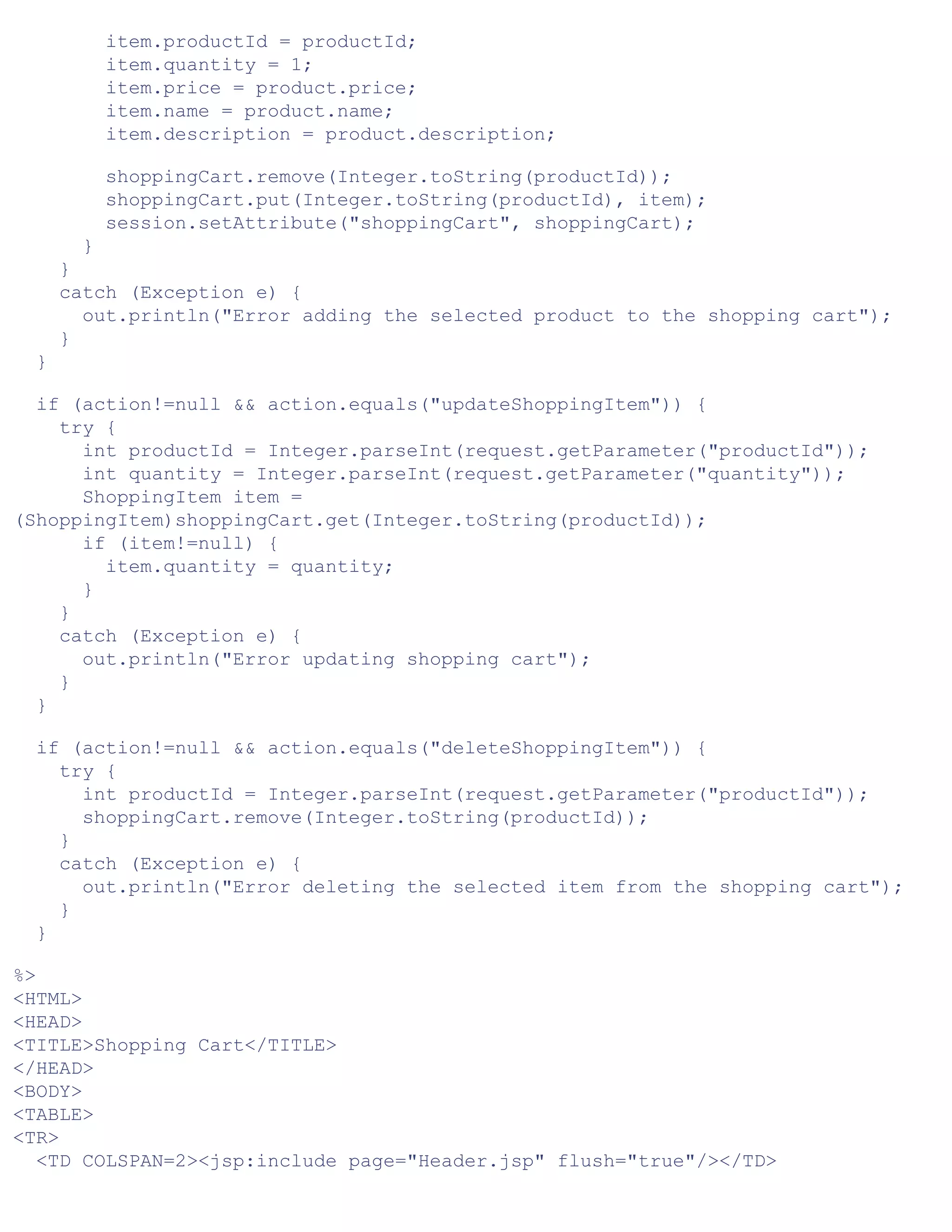 Java For The Web With Servlets%2cjsp%2cand Ejb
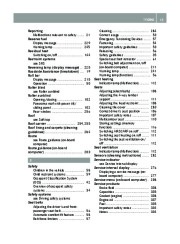 2011 Mercedes-Benz E350 E350 BlueTEC E550 W212 C207 Coupe Owners Manual, 2011 page 15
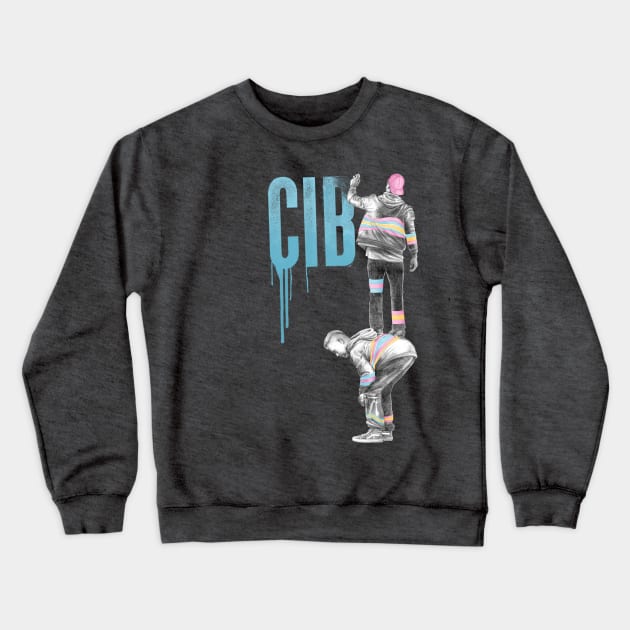 Graffiti Crewneck Sweatshirt by cib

How to complete this task → Reproduce the data above in full, exactly, with the images removed.

Answer to this task →
 Java For The Web With Servlets%2cjsp%2cand Ejb
 2011 Mercedes-Benz E350 E350 BlueTEC E550 W212 C207 Coupe Owners Manual, 2011 page 15
 Graffiti Crewneck Sweatshirt by cib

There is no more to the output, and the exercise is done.